You may well be thinking now that this seems as if we’ve gone backwards, so it’s important to note that SQLite databases are far more robust and less likely to become corrupt in the first place! But it is still possible to corrupt them and if you want to know the many ways in which this can happen just spend a little time reviewing this helpful webpage “How To Corrupt An SQLite Database File“. In the context of Trados Studio this often translates into these sort of things:
- sharing your translation memory with others so you all access it at the same time
- keeping your translation memory on a network drive that regularly synchs the data between the drive and your computer… yes this does include OneDrive that pretty much comes set up by default with every PC you buy these days!
These two things are probably responsible for the majority of the few times I’ve seen this problem and if you take the time to review the link I mentioned earlier I think it’s pretty clear how this can happen. Trados Studio file-based translation memories are designed to support you as an individual user and not for concurrent sharing. If you want to share them there are safe ways to do it:
- provide a copy to your colleague so they work on their own version of your translation memory. You can update later in many ways.

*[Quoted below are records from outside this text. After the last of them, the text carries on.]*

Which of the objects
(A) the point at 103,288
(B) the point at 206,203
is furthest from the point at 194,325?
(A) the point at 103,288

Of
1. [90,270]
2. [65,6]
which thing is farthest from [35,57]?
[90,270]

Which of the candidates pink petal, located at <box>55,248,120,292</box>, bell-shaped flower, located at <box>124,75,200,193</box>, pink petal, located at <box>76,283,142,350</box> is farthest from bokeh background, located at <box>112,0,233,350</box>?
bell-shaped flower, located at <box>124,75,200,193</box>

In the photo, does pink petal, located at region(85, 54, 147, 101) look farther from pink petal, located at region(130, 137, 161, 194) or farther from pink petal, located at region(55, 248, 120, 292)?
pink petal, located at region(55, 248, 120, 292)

- In fact one of the benefits of working with a “Project Translation Memory” is to support this kind of workflow… you just share the most appropriate part of your translation memory and your main one remains safely intact.
- practice “safe sharing” with “a little help from your friends“, something I’ve explained in detail many times in the past.
- consider working with “Trados Team” which is designed to support sharing everything on a translation project by working safely in the cloud.
Ideally cloud working is the way to go, but lets be realistic… for most freelance translators who only do this occasionally the fact it’s possible to so easily attempt to share a translation memory in Trados Studio via OneDrive, Dropbox or a host of other solutions you probably already use, something that’s not so easy to do in other tools, means you just need to practice “safe sharing“. At least until there’s a smart solution in the Trados cloud environment for this very purpose.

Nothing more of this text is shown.